El terreno ganado por la industria establecida en México también se explica por las dificultades internas que enfrenta la infraestructura productiva de Estados Unidos. Análisis de la Fundación para la Innovación en Tecnología de la Información (ITIF) advierten sobre un persistente déficit comercial en sectores tecnológicos clave para el país norteamericano. Estados Unidos pasó de tener balances positivos en casi la mitad de sus categorías tecnológicas a registrar saldos negativos en prácticamente todos sus segmentos estratégicos. Esta pérdida de competitividad reduce su capacidad para financiar innovaciones locales y debilita sus economías de escala, abriendo una ventana de oportunidad crucial para los proveedores de la región.
El Desafío del Valor Agregado y las Condiciones Internas

A pesar del éxito en las cifras de exportación, el modelo actual enfrenta un obstáculo considerable: la retención del valor económico dentro del país. La Organización para la Cooperación y el Desarrollo Económicos (OCDE) señala que casi 34 de cada 100 dólares exportados por México corresponden a valor generado en el extranjero. Esto se debe a que la producción nacional, particularmente en el sector electrónico, mantiene una alta dependencia de maquinaria, componentes y patentes importadas.

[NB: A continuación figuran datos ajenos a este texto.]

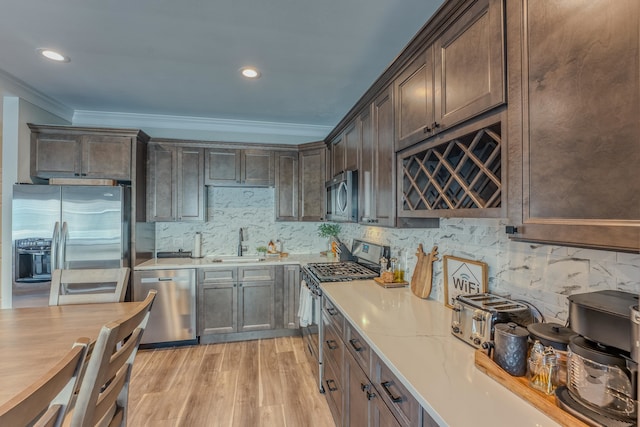 kitchen featuring sink, light hardwood / wood-style flooring, tasteful backsplash, dark brown cabinets, and stainless steel appliances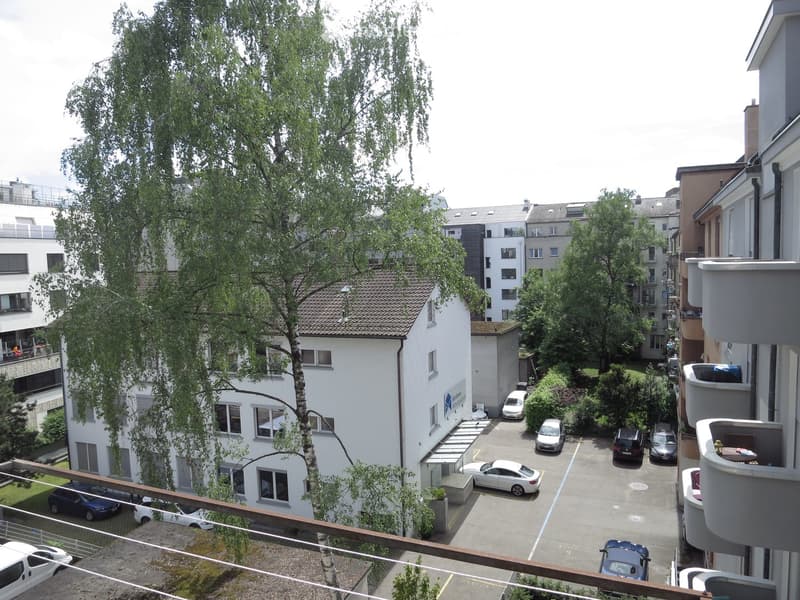 Balcony view overlooking a parking area with several parked cars, surrounded by residential buildings and trees.
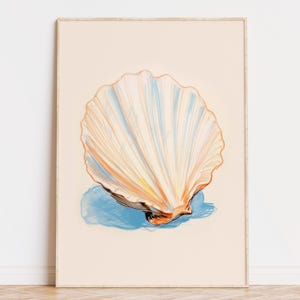 Puede incluir: Una gran concha blanca con un interior azul y naranja, pintada de forma estilizada. La concha descansa sobre un fondo azul.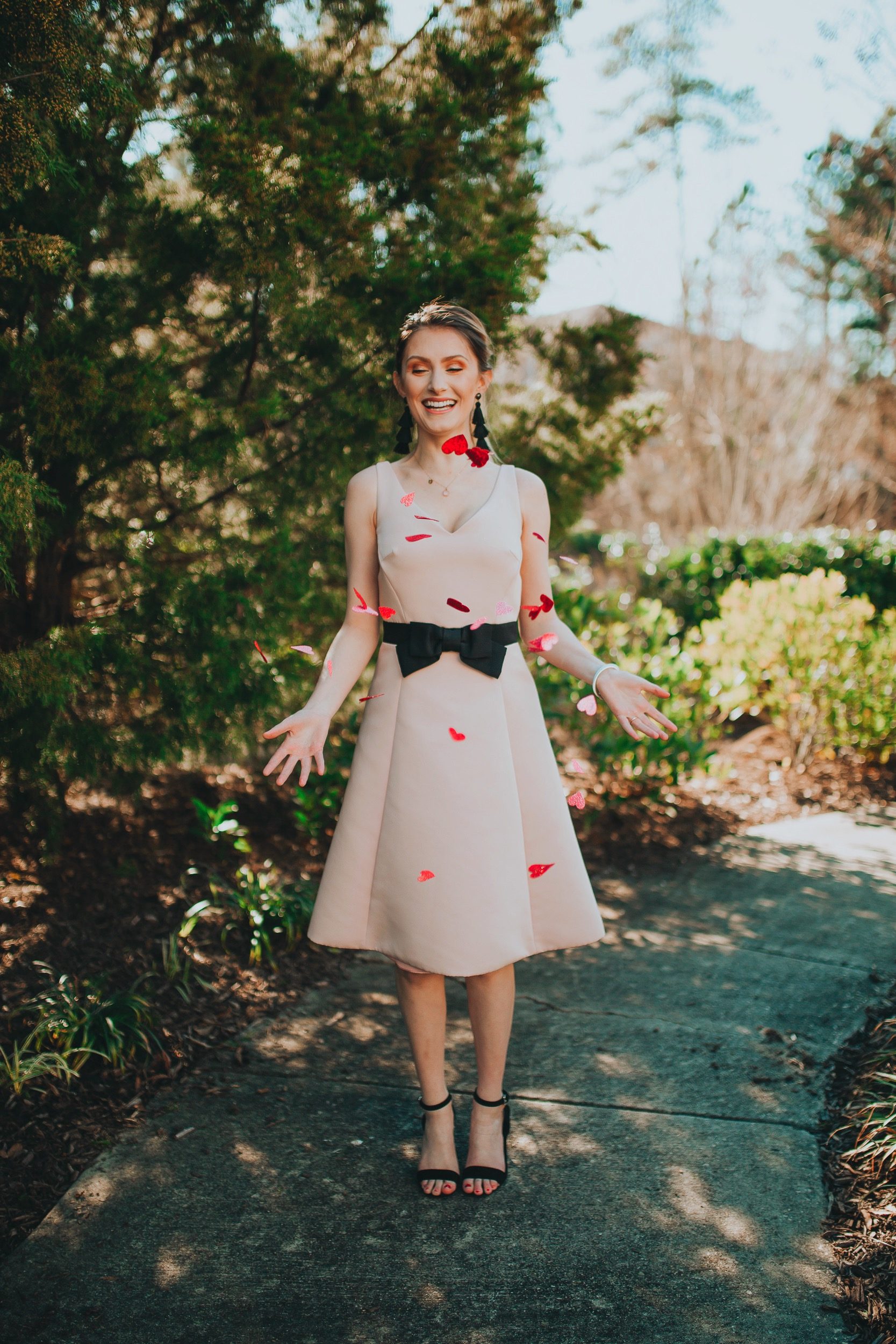 Valentines Day Outfit Inspiration | Kate Spade Fit & Flare Dress by popular North Carolina fashion and lifestyle blogger, Jessica Linn, owner and author or Linn Style and Babies, Love, & Lattes. Jessica wearing a pale pink fit and flare dress with a black bow on the waist, black sandal heels, and throwing glitter heart confetti.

Expertos en política económica internacional coinciden en que, si bien el país ha transitado con éxito de la maquila básica hacia procesos avanzados como la investigación y el desarrollo de semiconductores, el comercio exterior no basta por sí solo para transformar la economía interna. Para que este auge comercial se traduzca de forma efectiva en un crecimiento sostenido del Producto Interno Bruto (PIB), mejores salarios y un verdadero bienestar social, el siguiente paso dependerá de resolver asignaturas pendientes dentro de las fronteras mexicanas: garantizar energía eléctrica confiable, modernizar la infraestructura logística, ofrecer telecomunicaciones competitivas y elevar la productividad laboral.